Sunday, September 14, 2003
Stop writing about Brame? Not until all facts are known The News Tribune
September 14th, 2003
[Excerpts] A lot of questions demand answers in the wake of Crystal Brame's slaying and David Brame's suicide. Today we begin answering a question that hasn't been dealt with yet: How did David Brame run the police department? With favoritism, manipulation, cruelty and abuse of power, it turns out. There were accomplishments, to be sure. He increased attention on community-oriented policing. He targeted more resources at auto thefts (the No. 1 property crime) and meth labs (the fastest-growing crime and an incubator for other crimes). Voters agreed to build a new police headquarters and neighborhood substations. But there was a dark side:
•In promotions he frequently bypassed top candidates to handpick friends and supporters.

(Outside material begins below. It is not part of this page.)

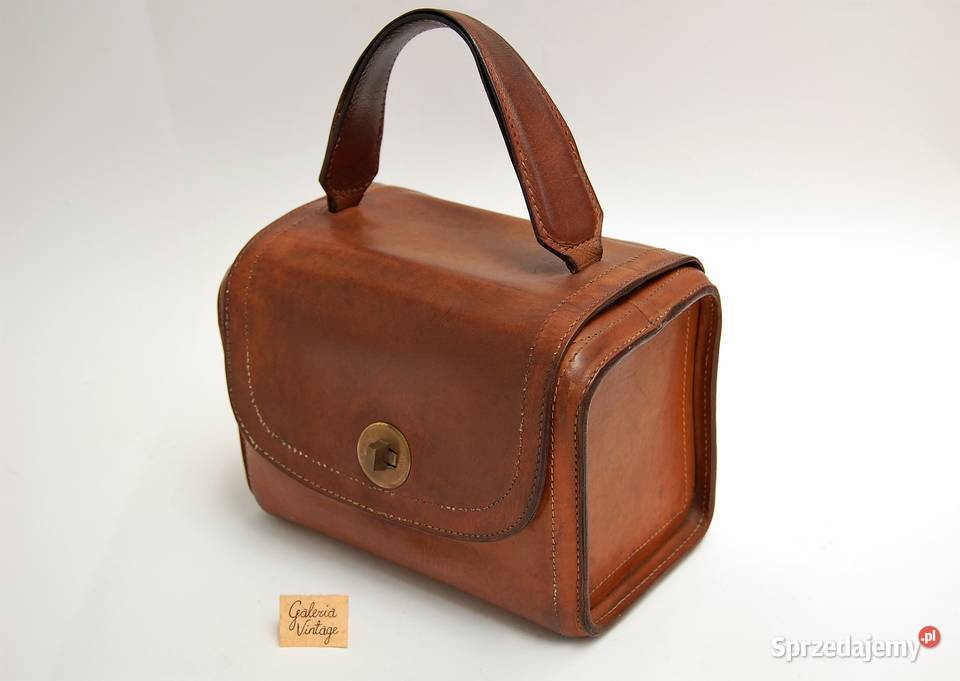 Kuferek skórzany torba vintage do ręki skóra brązowy/beżowy lubelskie Lublin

•He forced an assistant chief to retire early by threatening his pension.
•He used his position to pressure a female officer to have group sex. (She refused.)

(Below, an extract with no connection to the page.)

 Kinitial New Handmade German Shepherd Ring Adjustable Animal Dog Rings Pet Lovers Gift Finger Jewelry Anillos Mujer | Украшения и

•At least one member of his command staff knew about the harassment, but failed to report it.
•He used friends at the department to help him gather "evidence" that Crystal was the abuser in their relationship.

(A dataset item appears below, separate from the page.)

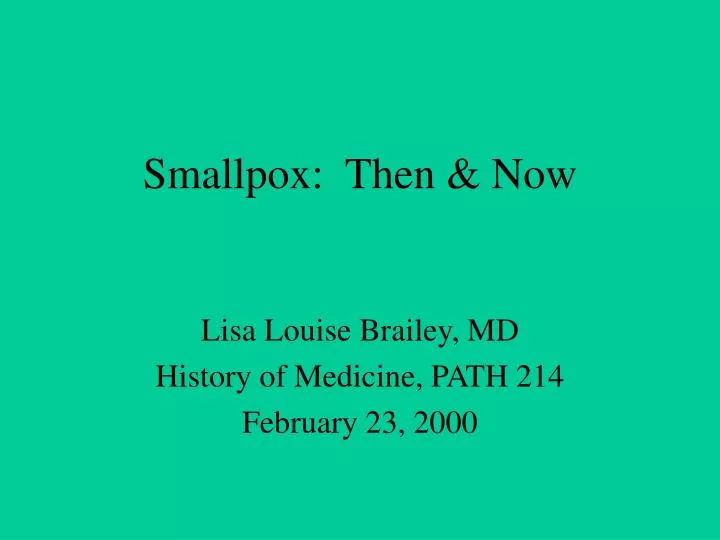 smallpox then now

•He used the department chaplain to counsel Crystal not to divorce him.
Worse, these behaviors were unknown or tolerated in a system that provided virtually no oversight and gave the police chief almost unchecked power to use or abuse the department.
In the past four months we've answered other questions that Tacomans need to know about David Brame... We began a new line of inquiry more than two months ago. In stories labeled "Beyond Brame," we've focused on how we can improve the city, its response to domestic violence and the police department. Among the questions addressed... Asking such questions is our job. Presenting the facts as we find them is our job. Some have asked us to stop writing about the Brame case. We'd love to. And we will. Just as soon as we know and report all the facts about what happened, what went wrong, and what the city, the courts and other appropriate elected officials intend to do about it.
Thursday, September 4, 2003
Family Of Slain Police Chief's Wife Files Revised Claim Against Tacoma
Story Published: Sep 4, 2003 at 12:52 PM PDT
Story Updated: Aug 31, 2006 at 1:09 AM PDT
By KOMO Staff & News Services
But the generous offer comes with conditions: The city must take responsibility for their daughter's death at the hands of her husband, Police Chief David Brame, who subsequently committed suicide. The city must also release all information concerning the chief and punish those who knew he could be dangerous, and set up an independent domestic violence program to counsel city employees.
"They have an opportunity to step up here and be accountable," Lane Judson, Crystal's father, said Thursday. "It's their choice. They need to take a good hard look at what we're asking here. ... We want the truth. We want to know how this could have happened."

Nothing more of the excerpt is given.